● Recorded information:
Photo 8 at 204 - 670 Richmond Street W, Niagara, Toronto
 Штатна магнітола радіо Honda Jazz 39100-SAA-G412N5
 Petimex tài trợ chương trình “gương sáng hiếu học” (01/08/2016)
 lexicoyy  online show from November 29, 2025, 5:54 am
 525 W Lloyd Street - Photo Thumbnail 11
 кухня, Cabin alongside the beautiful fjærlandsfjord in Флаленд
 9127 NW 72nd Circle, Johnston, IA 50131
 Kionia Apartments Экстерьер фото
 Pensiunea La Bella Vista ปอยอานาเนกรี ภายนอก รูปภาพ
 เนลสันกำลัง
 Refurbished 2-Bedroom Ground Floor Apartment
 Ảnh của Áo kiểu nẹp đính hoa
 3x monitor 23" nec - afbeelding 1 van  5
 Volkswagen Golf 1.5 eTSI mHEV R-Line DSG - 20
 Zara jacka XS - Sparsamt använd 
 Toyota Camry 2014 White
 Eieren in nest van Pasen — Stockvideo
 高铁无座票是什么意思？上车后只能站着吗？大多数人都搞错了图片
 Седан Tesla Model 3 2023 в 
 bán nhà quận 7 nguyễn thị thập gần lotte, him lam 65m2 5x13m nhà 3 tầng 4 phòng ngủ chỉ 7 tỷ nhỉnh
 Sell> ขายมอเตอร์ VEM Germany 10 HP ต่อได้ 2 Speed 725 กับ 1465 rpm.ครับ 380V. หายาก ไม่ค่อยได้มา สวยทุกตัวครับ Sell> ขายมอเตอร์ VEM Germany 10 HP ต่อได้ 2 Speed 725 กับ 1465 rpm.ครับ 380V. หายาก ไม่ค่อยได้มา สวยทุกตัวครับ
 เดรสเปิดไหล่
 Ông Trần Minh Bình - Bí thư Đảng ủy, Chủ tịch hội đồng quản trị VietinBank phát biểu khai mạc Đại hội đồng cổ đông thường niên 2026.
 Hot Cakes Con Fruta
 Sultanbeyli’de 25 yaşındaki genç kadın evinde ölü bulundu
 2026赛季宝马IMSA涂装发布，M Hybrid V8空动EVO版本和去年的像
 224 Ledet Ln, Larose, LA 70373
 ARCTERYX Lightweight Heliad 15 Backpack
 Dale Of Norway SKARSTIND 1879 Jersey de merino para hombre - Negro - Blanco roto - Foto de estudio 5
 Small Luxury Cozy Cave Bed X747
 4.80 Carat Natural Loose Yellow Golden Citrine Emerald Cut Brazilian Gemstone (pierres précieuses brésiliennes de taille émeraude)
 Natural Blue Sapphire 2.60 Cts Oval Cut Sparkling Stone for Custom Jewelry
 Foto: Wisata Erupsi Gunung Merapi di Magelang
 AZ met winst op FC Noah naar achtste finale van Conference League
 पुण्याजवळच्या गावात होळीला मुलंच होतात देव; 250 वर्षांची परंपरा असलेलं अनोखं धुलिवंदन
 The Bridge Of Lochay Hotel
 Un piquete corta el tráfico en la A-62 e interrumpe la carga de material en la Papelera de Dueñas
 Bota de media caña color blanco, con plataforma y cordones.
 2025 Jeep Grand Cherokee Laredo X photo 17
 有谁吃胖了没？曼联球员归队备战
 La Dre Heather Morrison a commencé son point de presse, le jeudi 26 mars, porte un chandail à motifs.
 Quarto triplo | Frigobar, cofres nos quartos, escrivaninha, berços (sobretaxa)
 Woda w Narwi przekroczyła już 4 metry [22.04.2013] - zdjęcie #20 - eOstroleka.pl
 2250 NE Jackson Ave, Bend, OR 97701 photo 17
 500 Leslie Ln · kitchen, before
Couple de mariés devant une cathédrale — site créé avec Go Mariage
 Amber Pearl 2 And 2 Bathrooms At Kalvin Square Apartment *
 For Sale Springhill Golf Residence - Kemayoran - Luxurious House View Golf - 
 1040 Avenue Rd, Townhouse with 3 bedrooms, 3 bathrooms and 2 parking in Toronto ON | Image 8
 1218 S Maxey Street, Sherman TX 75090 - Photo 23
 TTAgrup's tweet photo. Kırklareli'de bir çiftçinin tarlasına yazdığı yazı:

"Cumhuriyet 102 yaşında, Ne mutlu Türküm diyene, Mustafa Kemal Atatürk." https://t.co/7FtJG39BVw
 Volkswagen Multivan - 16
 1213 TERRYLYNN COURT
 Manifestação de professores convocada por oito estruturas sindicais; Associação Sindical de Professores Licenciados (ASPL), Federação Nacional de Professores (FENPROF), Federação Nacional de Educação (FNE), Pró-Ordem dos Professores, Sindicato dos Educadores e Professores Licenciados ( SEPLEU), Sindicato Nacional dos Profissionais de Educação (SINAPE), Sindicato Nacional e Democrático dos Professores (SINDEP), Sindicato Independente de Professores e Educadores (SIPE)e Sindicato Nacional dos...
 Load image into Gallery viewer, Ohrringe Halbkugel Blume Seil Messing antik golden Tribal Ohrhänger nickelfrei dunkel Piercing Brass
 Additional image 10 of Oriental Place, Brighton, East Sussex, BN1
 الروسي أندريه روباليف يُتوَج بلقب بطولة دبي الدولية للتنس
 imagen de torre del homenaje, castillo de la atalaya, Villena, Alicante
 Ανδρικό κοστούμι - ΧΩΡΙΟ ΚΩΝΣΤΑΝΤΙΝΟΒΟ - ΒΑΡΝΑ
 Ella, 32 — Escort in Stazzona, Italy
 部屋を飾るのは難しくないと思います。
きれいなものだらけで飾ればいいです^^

● What is being asked: The expected response is every record, reproduced word for word.

● Task solution:
Photo 8 at 204 - 670 Richmond Street W, Niagara, Toronto
 Штатна магнітола радіо Honda Jazz 39100-SAA-G412N5
 Petimex tài trợ chương trình “gương sáng hiếu học” (01/08/2016)
 lexicoyy  online show from November 29, 2025, 5:54 am
 525 W Lloyd Street - Photo Thumbnail 11
 кухня, Cabin alongside the beautiful fjærlandsfjord in Флаленд
 9127 NW 72nd Circle, Johnston, IA 50131
 Kionia Apartments Экстерьер фото
 Pensiunea La Bella Vista ปอยอานาเนกรี ภายนอก รูปภาพ
 เนลสันกำลัง
 Refurbished 2-Bedroom Ground Floor Apartment
 Ảnh của Áo kiểu nẹp đính hoa
 3x monitor 23" nec - afbeelding 1 van  5
 Volkswagen Golf 1.5 eTSI mHEV R-Line DSG - 20
 Zara jacka XS - Sparsamt använd 
 Toyota Camry 2014 White
 Eieren in nest van Pasen — Stockvideo
 高铁无座票是什么意思？上车后只能站着吗？大多数人都搞错了图片
 Седан Tesla Model 3 2023 в 
 bán nhà quận 7 nguyễn thị thập gần lotte, him lam 65m2 5x13m nhà 3 tầng 4 phòng ngủ chỉ 7 tỷ nhỉnh
 Sell> ขายมอเตอร์ VEM Germany 10 HP ต่อได้ 2 Speed 725 กับ 1465 rpm.ครับ 380V. หายาก ไม่ค่อยได้มา สวยทุกตัวครับ Sell> ขายมอเตอร์ VEM Germany 10 HP ต่อได้ 2 Speed 725 กับ 1465 rpm.ครับ 380V. หายาก ไม่ค่อยได้มา สวยทุกตัวครับ
 เดรสเปิดไหล่
 Ông Trần Minh Bình - Bí thư Đảng ủy, Chủ tịch hội đồng quản trị VietinBank phát biểu khai mạc Đại hội đồng cổ đông thường niên 2026.
 Hot Cakes Con Fruta
 Sultanbeyli’de 25 yaşındaki genç kadın evinde ölü bulundu
 2026赛季宝马IMSA涂装发布，M Hybrid V8空动EVO版本和去年的像
 224 Ledet Ln, Larose, LA 70373
 ARCTERYX Lightweight Heliad 15 Backpack
 Dale Of Norway SKARSTIND 1879 Jersey de merino para hombre - Negro - Blanco roto - Foto de estudio 5
 Small Luxury Cozy Cave Bed X747
 4.80 Carat Natural Loose Yellow Golden Citrine Emerald Cut Brazilian Gemstone (pierres précieuses brésiliennes de taille émeraude)
 Natural Blue Sapphire 2.60 Cts Oval Cut Sparkling Stone for Custom Jewelry
 Foto: Wisata Erupsi Gunung Merapi di Magelang
 AZ met winst op FC Noah naar achtste finale van Conference League
 पुण्याजवळच्या गावात होळीला मुलंच होतात देव; 250 वर्षांची परंपरा असलेलं अनोखं धुलिवंदन
 The Bridge Of Lochay Hotel
 Un piquete corta el tráfico en la A-62 e interrumpe la carga de material en la Papelera de Dueñas
 Bota de media caña color blanco, con plataforma y cordones.
 2025 Jeep Grand Cherokee Laredo X photo 17
 有谁吃胖了没？曼联球员归队备战
 La Dre Heather Morrison a commencé son point de presse, le jeudi 26 mars, porte un chandail à motifs.
 Quarto triplo | Frigobar, cofres nos quartos, escrivaninha, berços (sobretaxa)
 Woda w Narwi przekroczyła już 4 metry [22.04.2013] - zdjęcie #20 - eOstroleka.pl
 2250 NE Jackson Ave, Bend, OR 97701 photo 17
 500 Leslie Ln · kitchen, before
Couple de mariés devant une cathédrale — site créé avec Go Mariage
 Amber Pearl 2 And 2 Bathrooms At Kalvin Square Apartment *
 For Sale Springhill Golf Residence - Kemayoran - Luxurious House View Golf - 
 1040 Avenue Rd, Townhouse with 3 bedrooms, 3 bathrooms and 2 parking in Toronto ON | Image 8
 1218 S Maxey Street, Sherman TX 75090 - Photo 23
 TTAgrup's tweet photo. Kırklareli'de bir çiftçinin tarlasına yazdığı yazı:

"Cumhuriyet 102 yaşında, Ne mutlu Türküm diyene, Mustafa Kemal Atatürk." https://t.co/7FtJG39BVw
 Volkswagen Multivan - 16
 1213 TERRYLYNN COURT
 Manifestação de professores convocada por oito estruturas sindicais; Associação Sindical de Professores Licenciados (ASPL), Federação Nacional de Professores (FENPROF), Federação Nacional de Educação (FNE), Pró-Ordem dos Professores, Sindicato dos Educadores e Professores Licenciados ( SEPLEU), Sindicato Nacional dos Profissionais de Educação (SINAPE), Sindicato Nacional e Democrático dos Professores (SINDEP), Sindicato Independente de Professores e Educadores (SIPE)e Sindicato Nacional dos...
 Load image into Gallery viewer, Ohrringe Halbkugel Blume Seil Messing antik golden Tribal Ohrhänger nickelfrei dunkel Piercing Brass
 Additional image 10 of Oriental Place, Brighton, East Sussex, BN1
 الروسي أندريه روباليف يُتوَج بلقب بطولة دبي الدولية للتنس
 imagen de torre del homenaje, castillo de la atalaya, Villena, Alicante
 Ανδρικό κοστούμι - ΧΩΡΙΟ ΚΩΝΣΤΑΝΤΙΝΟΒΟ - ΒΑΡΝΑ
 Ella, 32 — Escort in Stazzona, Italy
 部屋を飾るのは難しくないと思います。
きれいなものだらけで飾ればいいです^^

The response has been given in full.